Ferguson admits crisis of confidence
Sir Alex Ferguson has admitted Manchester United's growing list of catastrophic collapses is starting to prey on their mind.
United allowed a two-goal lead to slip against West Brom at Old Trafford on Saturday.
It was the third time this season Ferguson's side had lost such an imposing lead - and does not count the trip to Fulham in August, when they missed a late penalty when they were already a goal in front and then conceded an equaliser to Brede Hangeland.
Their weekend misery did not come quite so late. Yet the expected response did not materialise, with West Brom looking the more likely to win the game in the latter stages.
On the eve of tomorrow's Champions League meeting with Bursaspor at Old Trafford, Ferguson confirmed the meek surrender was the result of near terror amongst his team faced with yet another collapse.
"The reason for the lack of response on Saturday was not to do with the game itself, it was to do with the previous matches where we have thrown points away," said Ferguson.
"They start thinking 'Christ, here is another one'. That is the impact you get. The conscious part comes into it.
"They are saying to themselves 'we are going to have to face the gaffer and explain this again'. But it is inexplicable."

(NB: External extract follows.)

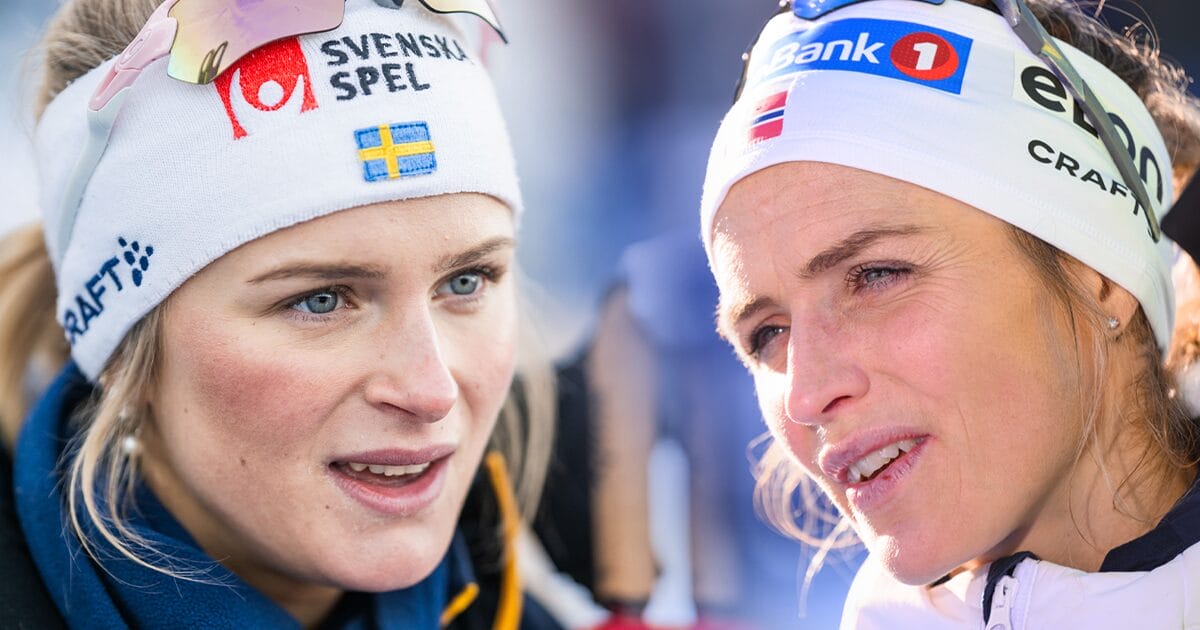 Frida Karlsson och Therese Johaug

Ferguson cited West Brom's equaliser as an example.
A routine cross from Chris Brunt would normally be collected with ease by Edwin van der Sar.

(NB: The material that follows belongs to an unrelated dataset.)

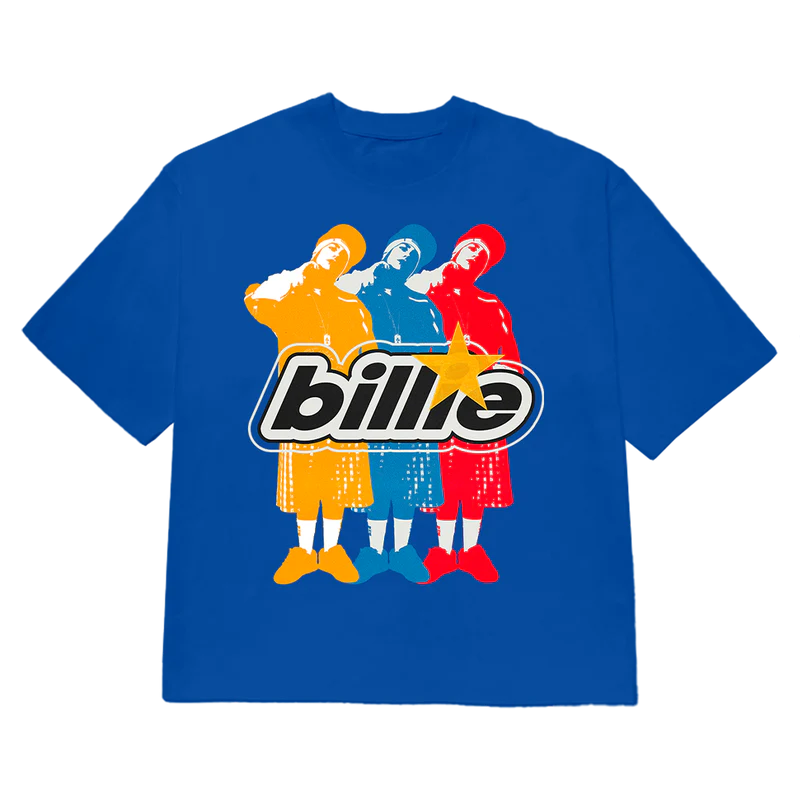 Billie Eilish - Billie Repeat Blue T-Shirt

This time it was spilled at the feet of Somen Tchoyi, who gleefully tapped home.
"The mistake was uncanny," said Ferguson.
"Here is a player with 130 caps for Holland and the most fantastic career you could imagine and he makes a mistake like that.
"You cannot even criticise him because he doesn't deserve that.
"He is allowed to make one horrendous mistake in his life. It was at a time when we didn't need it, of course, but it happens.
"You just have to wash it away."
John O'Shea remained on the bench throughout Saturday's debacle. However, he was on the pitch at Fulham and Everton, when United suffered their first mishaps of the season, and against Liverpool, when they needed Dimitar Berbatov's late strike to rescue them.
And he recognises something has to be done - and quickly.
"It is hard to explain why we are losing the goals we have," said the Irishman.
"You see the quality and the record we have had in the past but it is something we have to address quickly. With the players we have we will do that.
"Nine times out of 10 if we keep a clean sheet we are going to win the game because of the attacking quality we have."
As he tries to engineer a way out of the mess United find themselves in, whilst at the same time dealing with the fall-out from his own dramatic interjection into Wayne Rooney's career, the one consolation Ferguson is able to draw is that such troubles are having to be confronted in October rather than April.
"Fortunately it is happening now and we can do something about it," he said.
"There is a long way to go and we always do better in the second half of the season. We hope that will be the case this year."
United can take the first step forward by dismissing the Turkish champions, who are yet to collect a point from their first two games in Europe's number one club competition.
Ferguson has pledged to make changes, although Michael Owen and Jonny Evans are on the sidelines in addition to Rooney, who may never return.
But, after registering a disappointing draw against Rangers five weeks ago, the Scot insists he is not taking Bursaspor lightly.
"They have lost their first two games and maybe that is their lack of experience," he said. "The Champions League is not easy.
"With our home record we hope we can put it to bed.
"There are opportunities for one or two of the younger players who need experience - but that is not to say we are taking it lightly."